The Warroo area represents the primary gold target within the Colossus Project.
Historic mining extracted oxide gold from shallow workings, confirming the presence of a mineralised system. Modern exploration is targeting the primary sulphide feeder structures beneath these workings.
These feeder zones are interpreted to occur along structural intersections where mineralised fluids were concentrated.
Testing these structures forms the core objective of the initial drilling program.
Ti-Tree Ridge represents an Au-dominant epithermal system located approximately 800 metres south of the Warroo Mine.
Surface mapping and rock-chip sampling define gold-bearing epithermal quartz veins and breccias.

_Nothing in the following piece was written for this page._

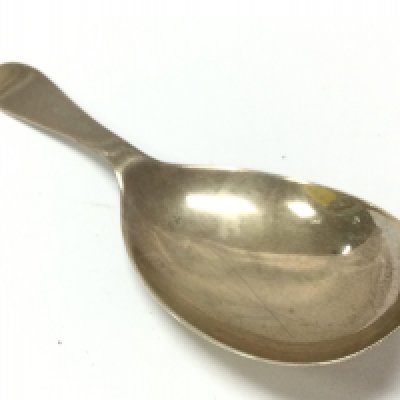 A silver hallmarked caddy spoon, postage category A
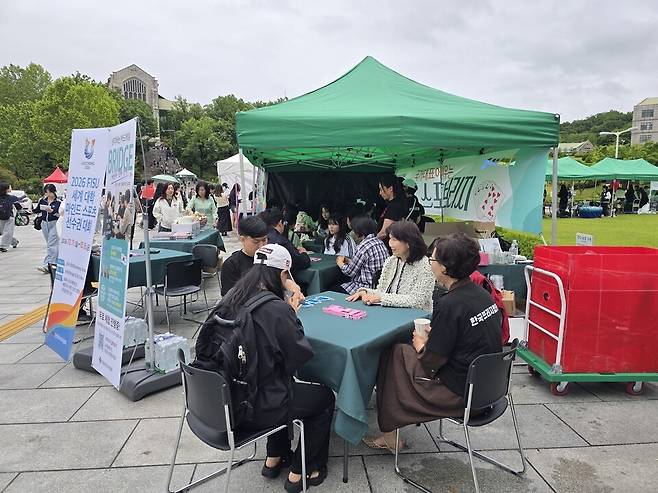 21일 서울 서대문구 이화여대 '해방이화' 축제 현장에 마련된 브리지 체험 부스에서 학생들이 국가대표 선수들의 설명을 들으며 브리지를 배우고 있다. 한국브리지협회 제공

Geophysical responses extend beyond surface exposures, indicating the mineralised system may continue at depth.
The target is interpreted as a higher-level expression within the broader district-scale gold system.
Drilling is designed to test the continuity and vertical extent of this mineralisation.
The exploration strategy focuses on testing structurally controlled sulphide mineralisation beneath historic workings.
The Phase 1 program consists of:
10–16 RC drill holes
Approximately 1.5–2.4 km of drilling
Hole depths to approximately 150 metres
Fence-based drilling will test interpreted feeder structures along the structural corridors.
This approach allows staged drilling along strike while maintaining capital efficiency.
Exploration success will be defined by intercepting structurally controlled primary sulphide mineralisation with continuity along strike or down dip.
Confirmation of sulphide mineralisation would validate the geological model and support follow-up drilling designed to test the scale and geometry of the system.
Positive results would advance the project to Phase 2 drilling focused on system architecture, grade distribution and metallurgical characteristics.